The Road to Championship

Chinese immigrants chase tennis glory in Florida

Published

Mar 17, 2026

Topic

Reporting

Villa Sol in Orlando, Florida, is a gated community consisting of mostly Spanish Colonial Revival-style holiday rentals. You don’t really belong here unless your name is “Linda” or “Scott”–the sort of name belonging to someone who’s likely to have bought houses for $20,000 in the ‘70s with a job at a stationery company; someone who is now genuinely confused by young people’s political stances, professional frustrations, and financial struggles. But for a weekend in November, three bungalows here were occupied by a dozen Asians, most of whom originally from China, in their 40s and 50s. They were Meta Legend, the amateur tennis team representing USTA’s Southern California Section to compete for the USTA League 18+ Tri-Level National Championship.

We arrived at 3137 Riachuelo Lane, the designated team HQ, late Friday evening, where a team dinner (a pep rally in truth) was already underway. The cheerful sound of chatter in Mandarin, bursts of laughter, and clinking of glasses spilled out onto the street, drawing curious glances from a couple walking their dog.

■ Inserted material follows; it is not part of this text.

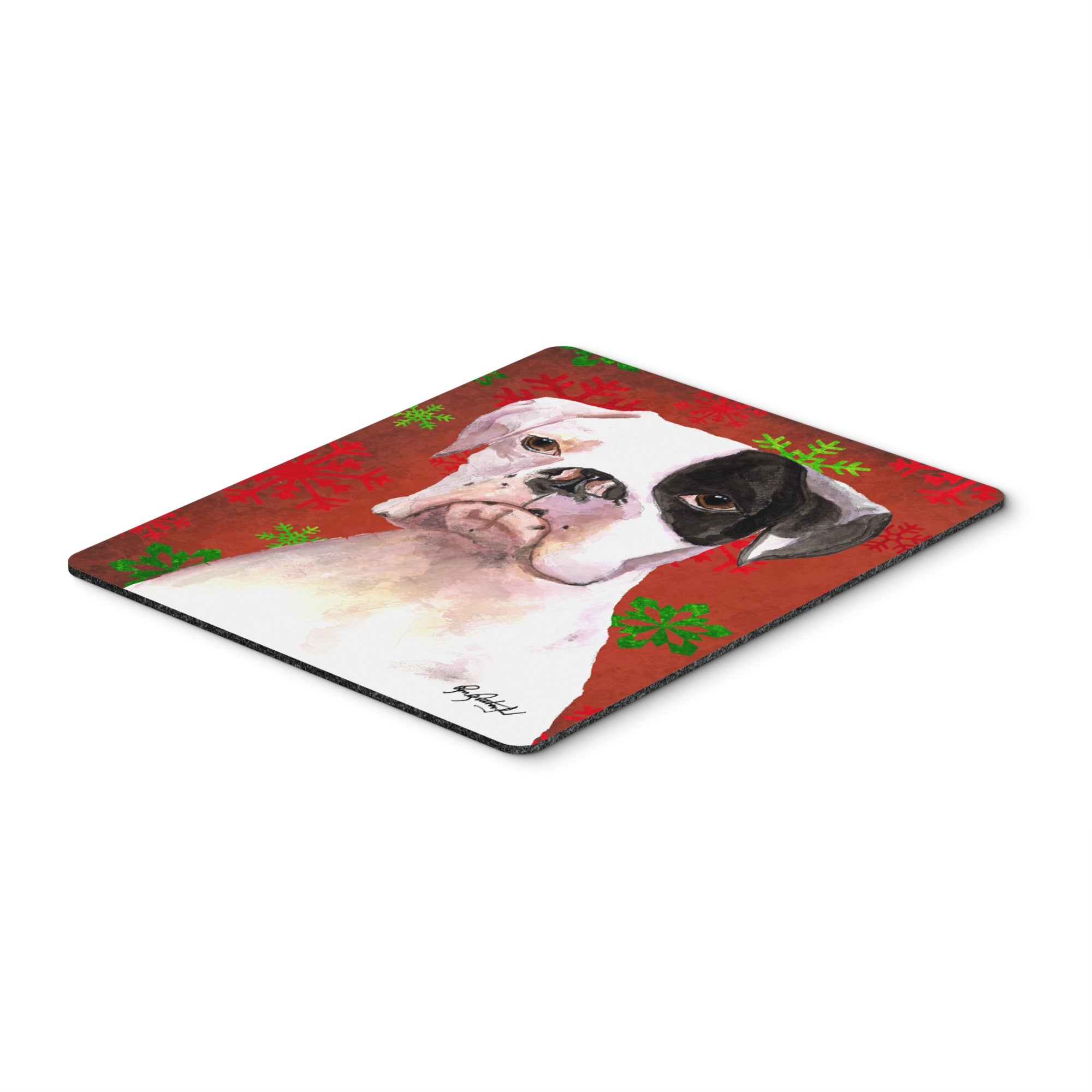 Caroline'S Treasures Cooper Red Snowflakes Boxer Mouse Pad/Hot Pad/Trivet (Rdr3004Mp)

There was a mixture of Asian and American food on the long, mahogany table. Three large Domino pizzas were stacked on top of each other, next to which were two take-out boxes of Fuqi Feipian (Sichuan-style spicy beef slices in chilli oil). A big bowl of Thai fried rice, already half empty, occupied the center of the table–someone put half a dozen or so McNuggets in the empty half, apparently to make room for the Vietnamese-style meatballs. There was more food on the kitchen counter. A myriad of colorful drinks were stashed in the corner of the living room–cases of bottled water (Evian), energy drinks (Gatorade), beer (Tsingtao), red and white wines of various brands, and, out of nowhere, three bottles of baijiu, a type of infamously fiesty Chinese liquor, in their traditional outlandish giftbox-style, gold-gilded packaging (a common sight at Chinese-style business banquets).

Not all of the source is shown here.